Prompt: Begin at the line that has "Emocionado sobrepeso santa", stop after the line that has "a series of", and print exactly those lines from the records below, without any pictures.

Entries supplied:
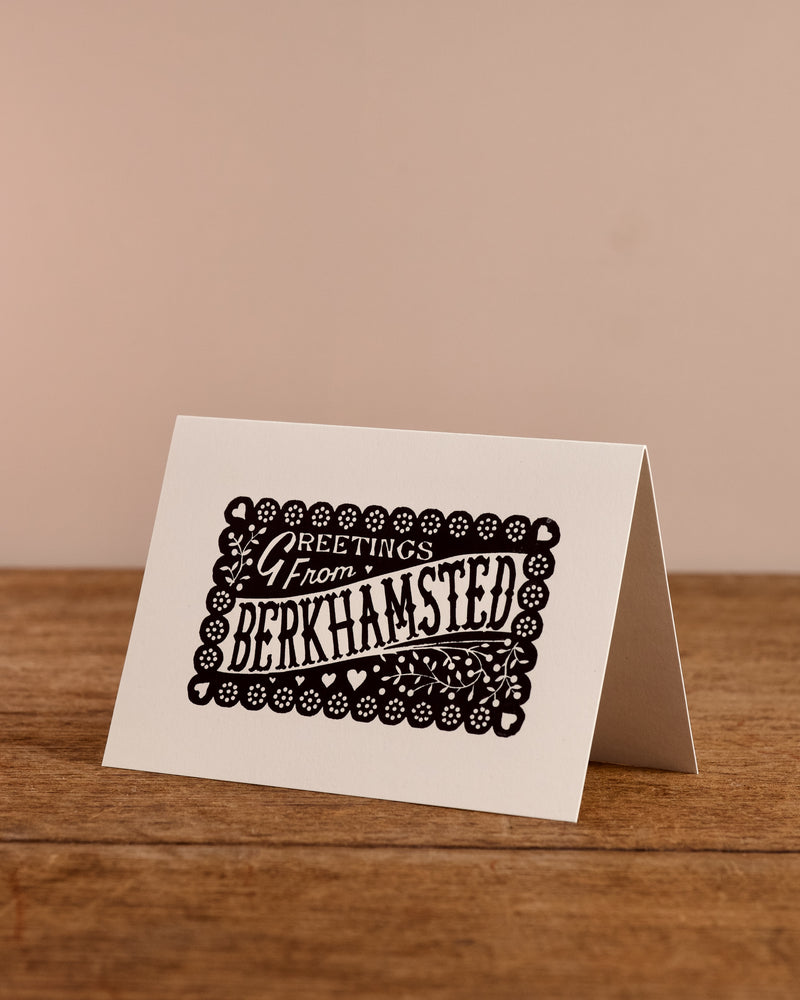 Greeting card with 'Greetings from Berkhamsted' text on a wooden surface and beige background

--

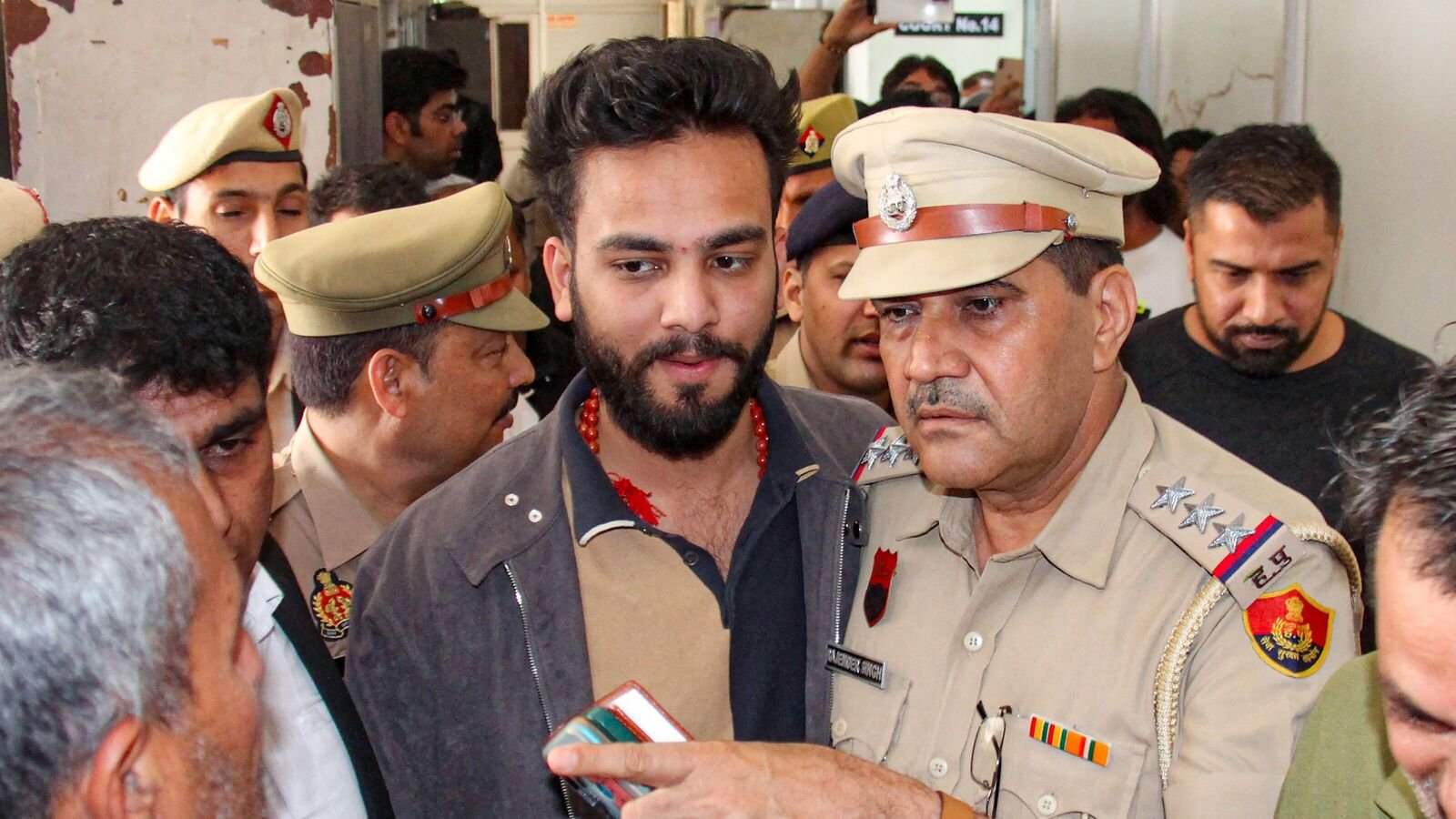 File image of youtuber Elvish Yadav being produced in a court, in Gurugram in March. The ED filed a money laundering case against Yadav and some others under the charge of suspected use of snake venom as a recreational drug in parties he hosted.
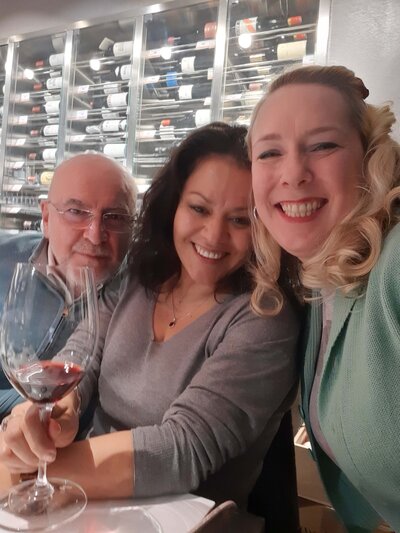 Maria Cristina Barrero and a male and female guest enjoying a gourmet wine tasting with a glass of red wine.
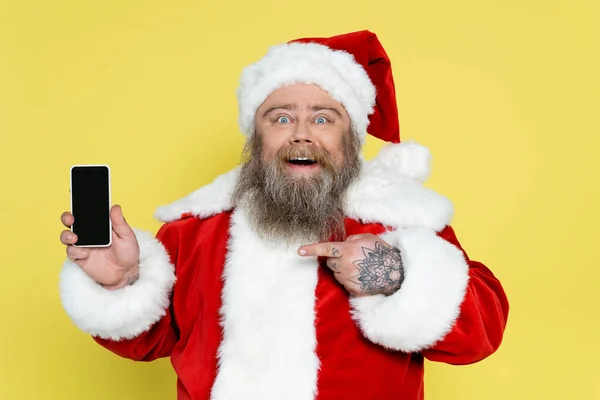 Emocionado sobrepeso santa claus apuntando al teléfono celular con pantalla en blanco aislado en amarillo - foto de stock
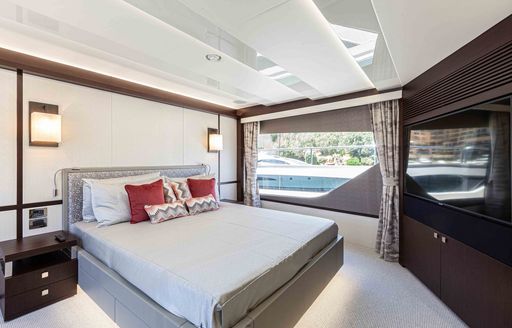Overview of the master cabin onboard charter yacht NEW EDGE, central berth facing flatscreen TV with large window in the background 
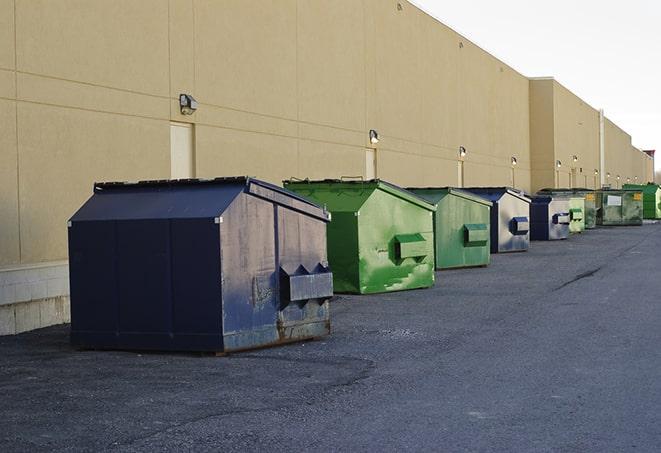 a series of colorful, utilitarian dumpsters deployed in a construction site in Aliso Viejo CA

...

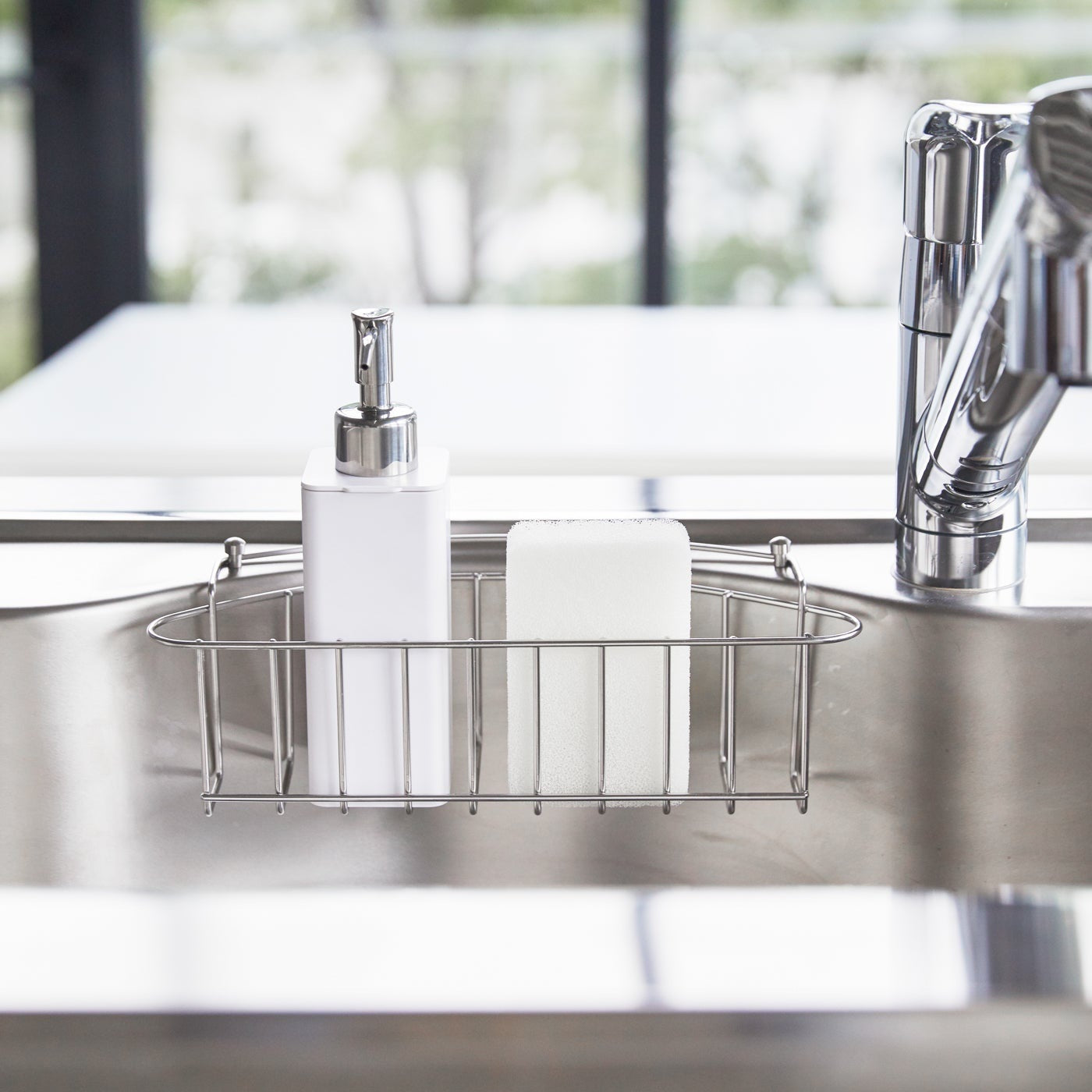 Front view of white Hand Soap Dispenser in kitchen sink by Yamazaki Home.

Answer box:
 Emocionado sobrepeso santa claus apuntando al teléfono celular con pantalla en blanco aislado en amarillo - foto de stock
Overview of the master cabin onboard charter yacht NEW EDGE, central berth facing flatscreen TV with large window in the background 
 a series of colorful, utilitarian dumpsters deployed in a construction site in Aliso Viejo CA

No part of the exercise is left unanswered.